▶ [Work request]:
What you return should be the lines from the one with "From the search" through the one with "There we have" in the data below, reproduced exactly with both ends, and no pictures at all.

▶ [Records contained in a dataset]:

————————

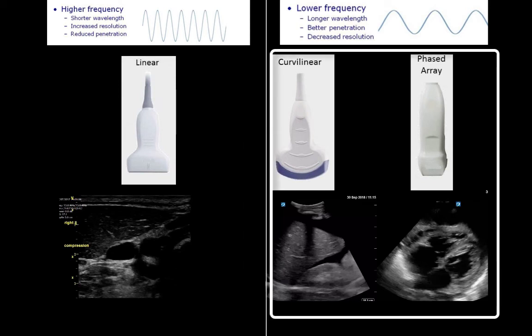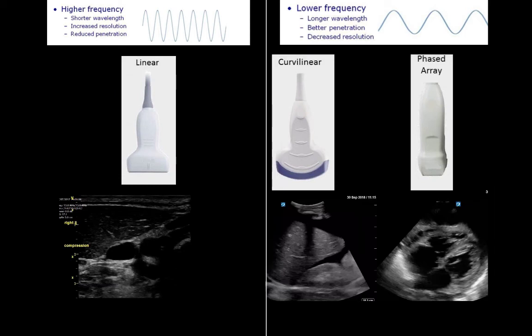On the right we see lower-frequency probes: the curvilinear and phased array. People often call the phased array the cardiac probe, but it is really a misnomer. The sequential crystal activation of the phased array is great for cardiac activity capture but can also be used for lungs, chest, and abdomen. In fact, the phased array probe is just a really small curvilinear probe. Even the curvilinear probe can be used for vascular and lung, particularly in patients with abundant soft tissue.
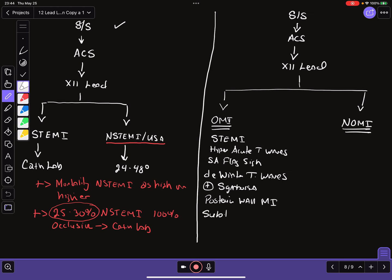The presence of posterior wall MI. Subtle ST elevation. So ST elevation that does not meet traditional STEMI criteria, but subtle ST elevation with reciprocal changes. Reciprocal changes are actually a powerful indicator of myocardial infarction. So these are all findings that fall under the umbrella of OMI, and these are all patients that would do well to go to the cath lab immediately as opposed to being delayed.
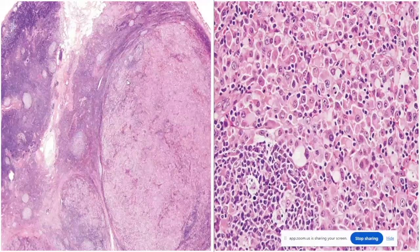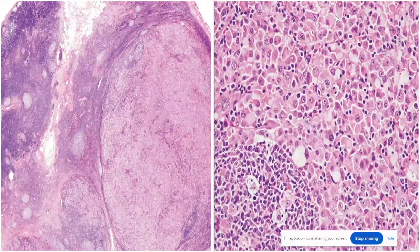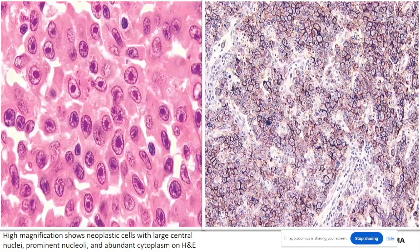On the histomorphological image, an effaced architecture is the one thing I'm seeing at low power. At high power, I see medium to large size cells whose nuclei are eccentrically arranged — possibly plasmablastic morphology. The nucleoli are prominent, which looks like plasmablastic morphology to me.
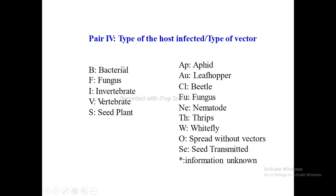Pair 4 tells us about the type of host the virus infects and the type of vector used for transmission. There are different codes for different hosts. For example, B is used for bacterial host, F for fungus, I for invertebrates, V for vertebrates, and S for seed plants.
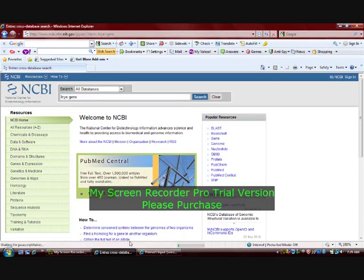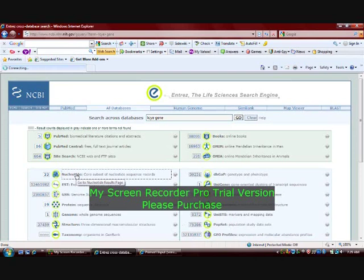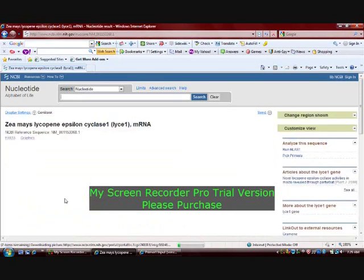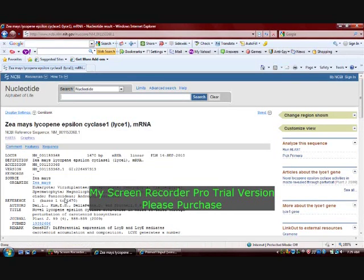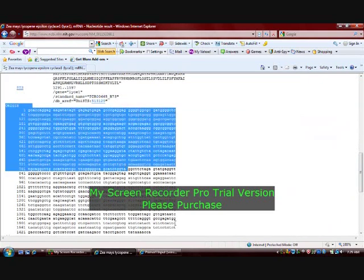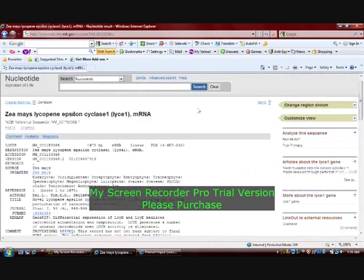From the search results page, we choose the sequence of Zea mays as that is the gene of interest. A page displaying the accession number, locus, gene of interest, source organism, title, and author is displayed. As we scroll down, we can see the sequence available in GenPept format. Another format called FASTA format is also available, and we choose the FASTA format as that is the input format read by Primer3 software.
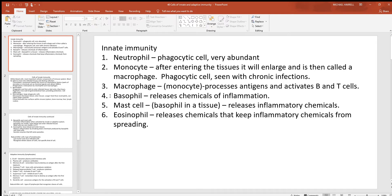There we have the basophil. These cells, once they leave the blood and enter a tissue, are then called a mast cell. These cells are where most inflammatory chemicals come from. They are huge when it comes to inflammation — they cause vasodilation and increase the permeability of blood vessels.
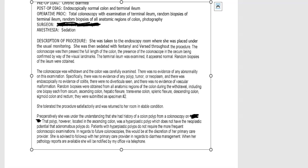She tolerated the procedure well and returned to her room in stable condition. Preoperatively, she was under the understanding that she had a history of a colon polyp from a prior colonoscopy. That polyp, located in the ascending colon, was a hyperplastic polyp, which does not have the neoplastic potential that an adenomatous polyp does. Patients with hyperplastic polyps do not require more frequent colonoscopic examinations. She's advised to follow up with her primary care provider for diarrhea management, and she will be notified when pathology reports are available.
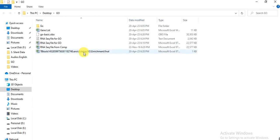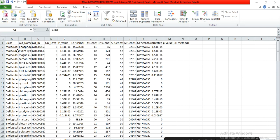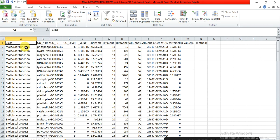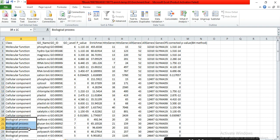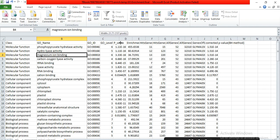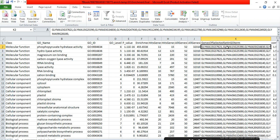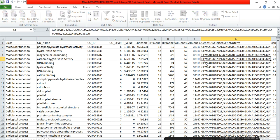Now open the output file. This file shows which class each gene belongs to — molecular function, cellular component, or biological process — along with the gene ontology description, GO ID, p-value, and the list of genes from your family gene list that belong to each category. For example, some genes belong to molecular function.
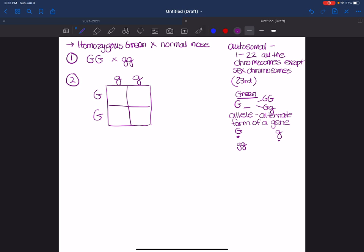Remember that meiosis produced four haploid cells. So when we do a Punnett square, you'll notice that we have four total squares. So the mother has a possibility of donating a big G, big G and a big G, big G. So those are the four possibilities of the alleles that the mother can donate or contribute to the offspring.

————————

▶ [Result of the task]:
From the search results page, we choose the sequence of Zea mays as that is the gene of interest. A page displaying the accession number, locus, gene of interest, source organism, title, and author is displayed. As we scroll down, we can see the sequence available in GenPept format. Another format called FASTA format is also available, and we choose the FASTA format as that is the input format read by Primer3 software.
There we have the basophil. These cells, once they leave the blood and enter a tissue, are then called a mast cell. These cells are where most inflammatory chemicals come from. They are huge when it comes to inflammation — they cause vasodilation and increase the permeability of blood vessels.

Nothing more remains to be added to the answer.